Sunday, March 20, 2011

To Fight Terror With Terror

             If the U.S. has pledged itself, or at least quite a few of our presidents have sworn, to fight terrorism wherever it is then shouldn't we also focus on our home? There are few reports of home terrorism but that doesn't mean it isn't there. Not only that but to fight terrorism elsewhere the U.S. has used very brutal methods in return. Can't that be considered terrorism as well?
            Using probable cause as justification for incarcerating many people and some suspected terrorists the american government put them in Guantanamo Bay Prison. There they suffered various acts of torture by U.S. soldiers and guards.

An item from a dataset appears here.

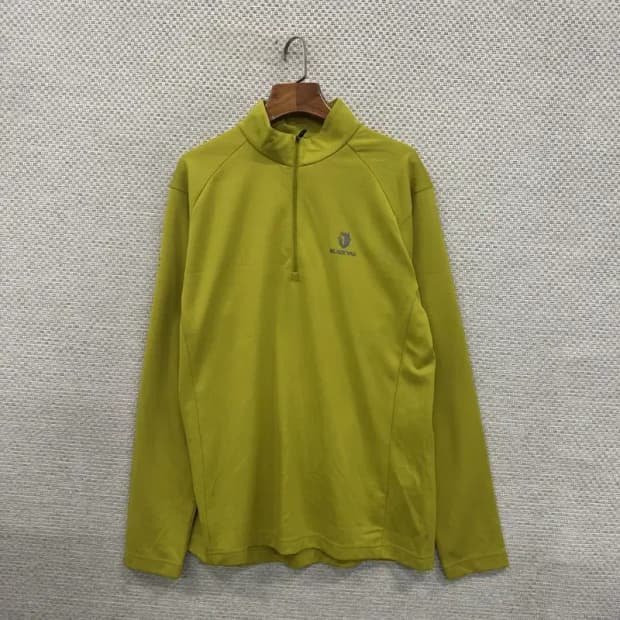 블랙야크 아웃도어 프린팅로고 반집업 긴팔티 100 D12080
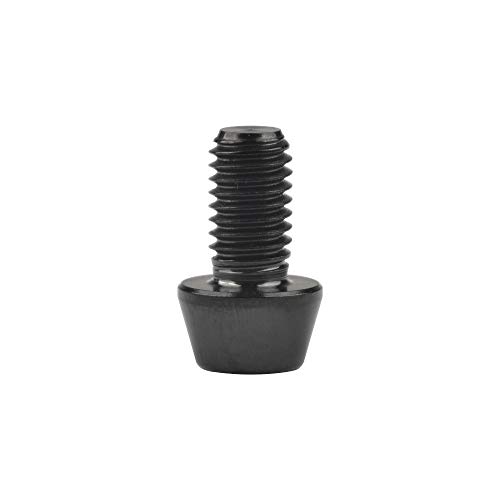 Image of Titanium Ti Bolt M5x9 16 18 20 25 30 35 40 45 50 55 60mm Tapered Head Screws Pack of 4 (M5x9mm, Black)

In a segment of a book I read by Noam Chomsky called Hopes and Prospects said that (I'm paraphrasing here) the torturers where supposed to find a connection between the suspected terrorists and a terrorist organization, and the less they came up with the more they needed to find that non-existent connection.
            In fact the government has tried to justify their use of torture with the Torture Memos which provide arguments for the use of torture. America has, even if not openly, committed war crimes and suppressed its own citizens with laws that restrict civil liberties such as the Patriot Act of 2006. If the United States commits itself to a war on terror ti should use different methods than those of the terrorists themselves because then what is America? Does the end justify the means?

1 comment:

  1. Olivia, An interesting topic here (and I am a huge Chomsky fan, having heard him speak on a few occasions). It'd be nice, though, to focus your readers' attention on specific example -- a textual citation rather than a paraphrase, a quote from torture memos, etc. Perhaps the recent Obama administration decision NOT to close Gitmo would help anchor your points in a contemporary context.